━━━ EXTRACTED DATA ━━━
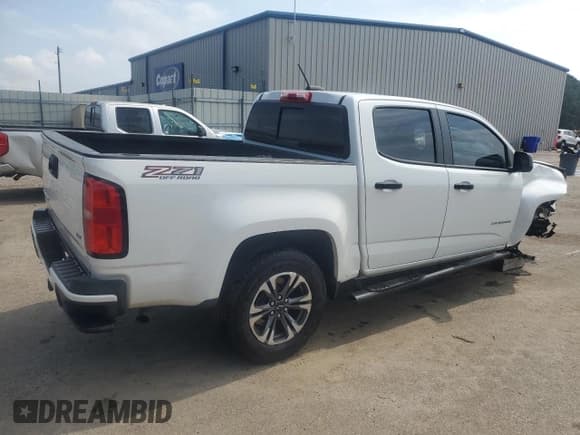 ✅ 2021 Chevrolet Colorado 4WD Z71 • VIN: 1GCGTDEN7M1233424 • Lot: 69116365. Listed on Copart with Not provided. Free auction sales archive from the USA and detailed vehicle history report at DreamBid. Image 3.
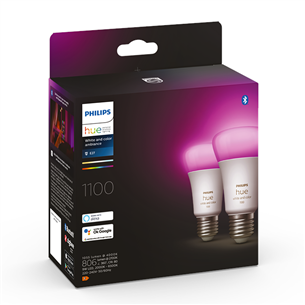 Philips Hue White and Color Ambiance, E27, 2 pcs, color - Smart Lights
━━━
━━━ EXTRACTED DATA ━━━
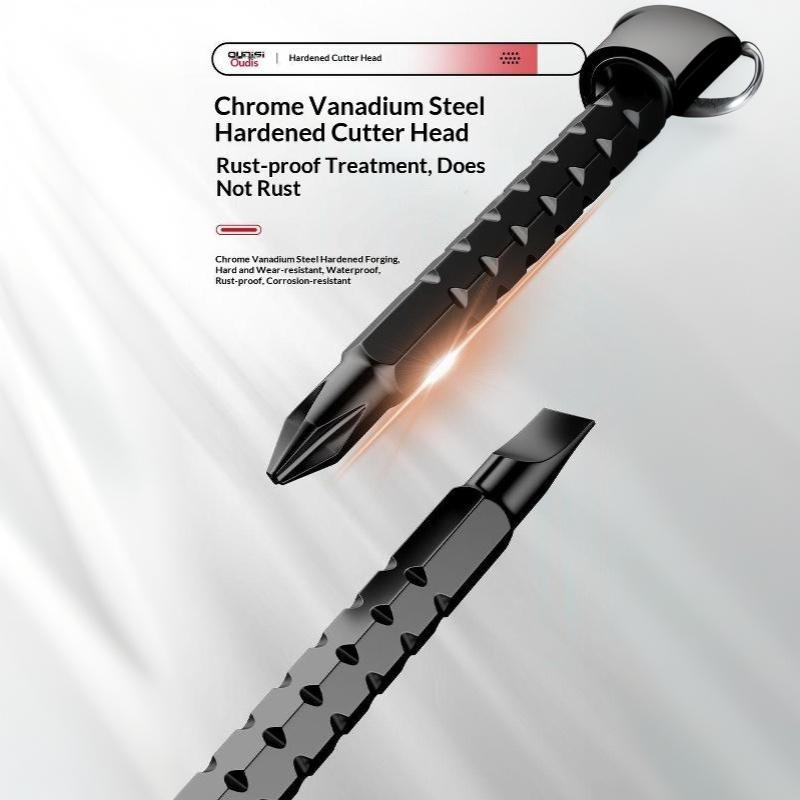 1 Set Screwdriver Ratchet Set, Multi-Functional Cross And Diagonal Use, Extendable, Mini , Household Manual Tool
━━━
━━━ EXTRACTED DATA ━━━
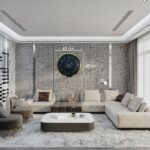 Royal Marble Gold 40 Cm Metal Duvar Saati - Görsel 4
━━━
[ABOUT THIS EXERCISE] Your answer should be the lines above, word for word, from the line with "DreamBid. Image 3." through the line with "Philips Hue White", minus the pictures.

[EXERCISE OUTPUT]
 ✅ 2021 Chevrolet Colorado 4WD Z71 • VIN: 1GCGTDEN7M1233424 • Lot: 69116365. Listed on Copart with Not provided. Free auction sales archive from the USA and detailed vehicle history report at DreamBid. Image 3.
 Philips Hue White and Color Ambiance, E27, 2 pcs, color - Smart Lights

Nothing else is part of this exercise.